- _DATASET SECTION_
————————

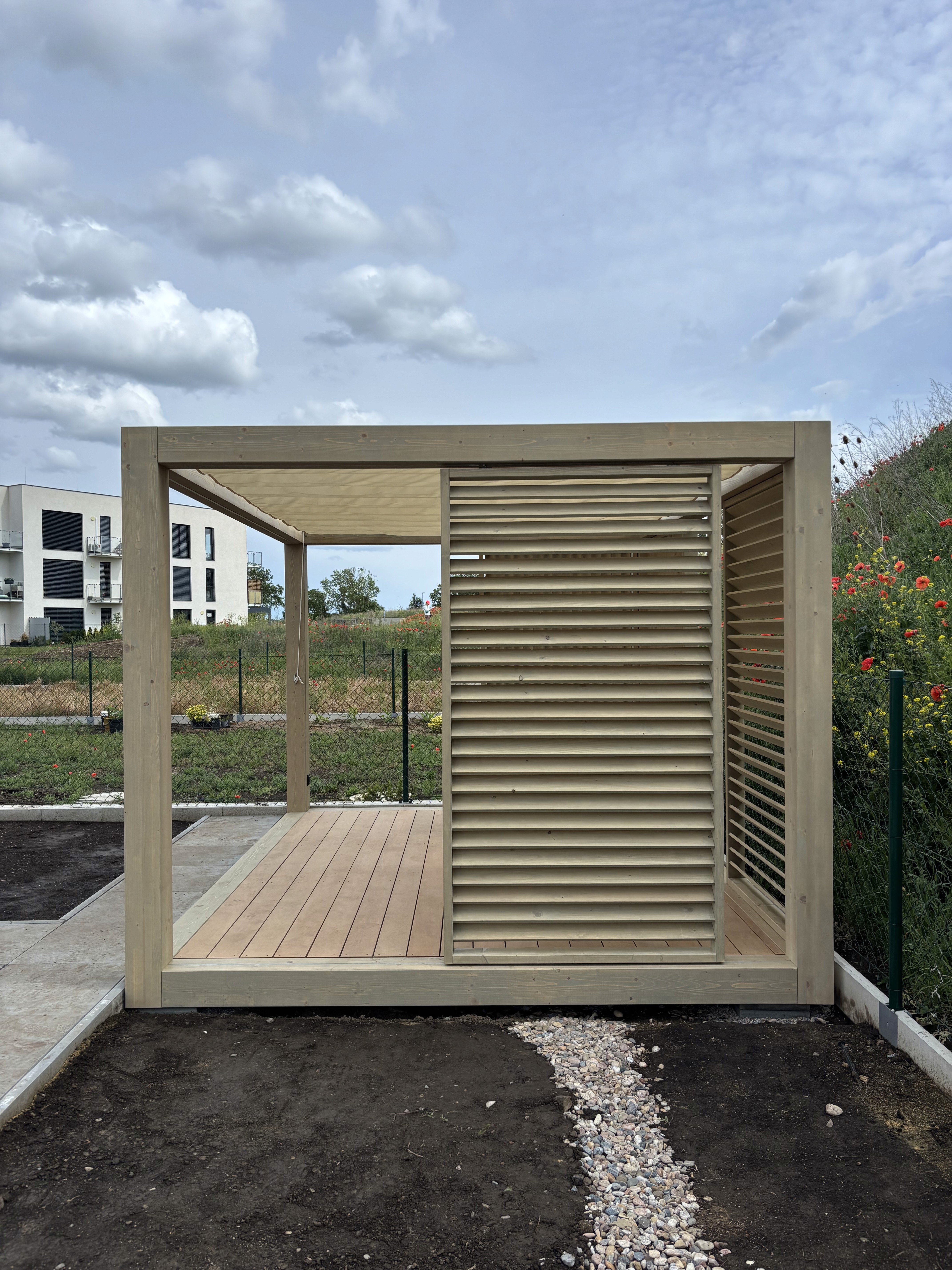 Moderní zahradní pergola TerraBlock – přírodní dřevo, stylová terasa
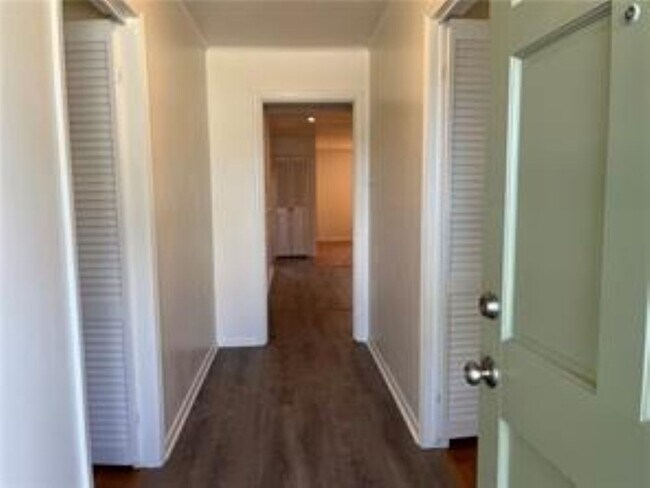 Vestíbulo de entrada - 620 Metairie Lawn Dr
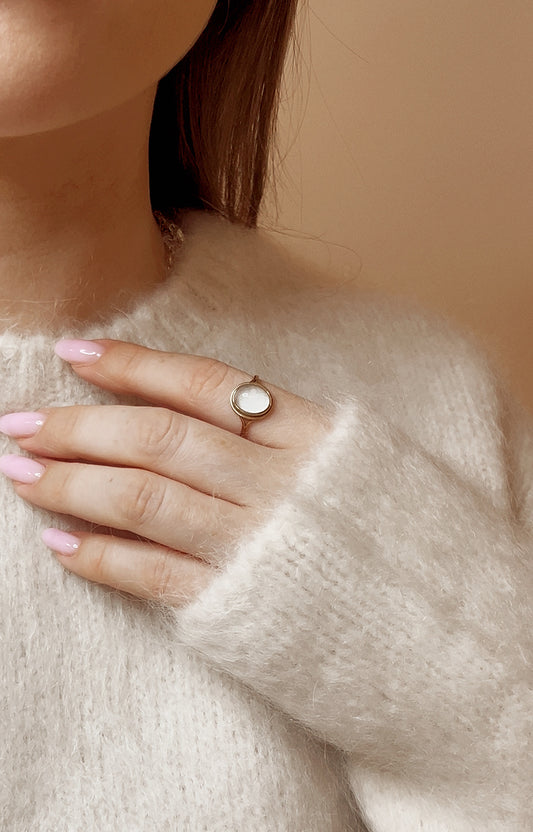 Lovely 9ct Gold Vintage Cabochon Cut Moonstone Dress Ring
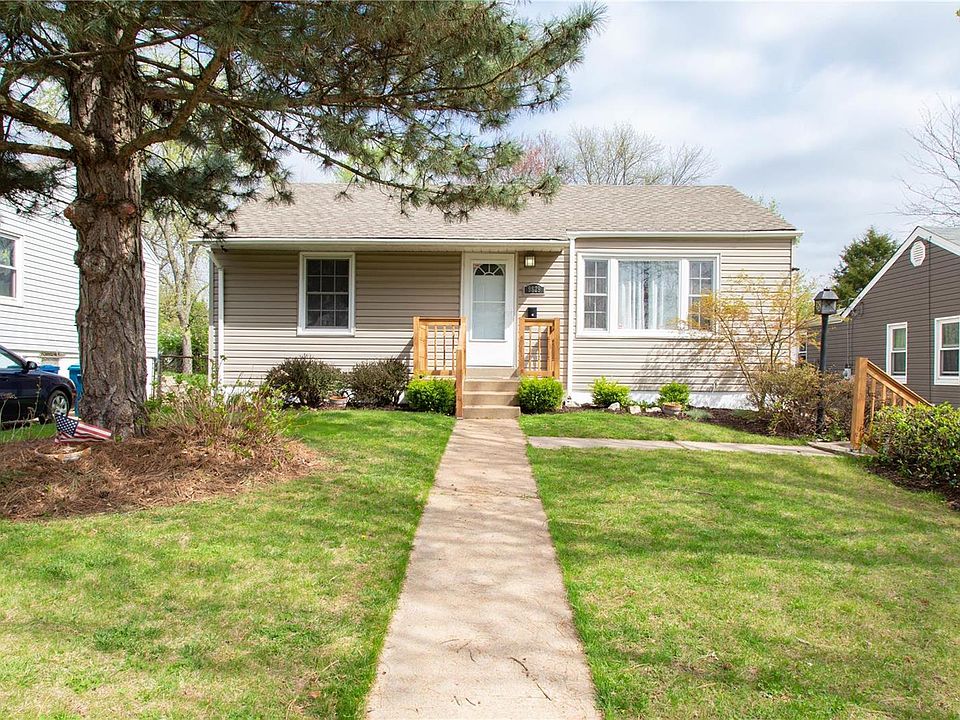 1st image of 9829 Lullaby Ln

————————

- _WORK REQUEST_
The task requires the full listing to be given again verbatim, without its pictures.

- _ANSWER_
 Moderní zahradní pergola TerraBlock – přírodní dřevo, stylová terasa
 Vestíbulo de entrada - 620 Metairie Lawn Dr
 Lovely 9ct Gold Vintage Cabochon Cut Moonstone Dress Ring
 1st image of 9829 Lullaby Ln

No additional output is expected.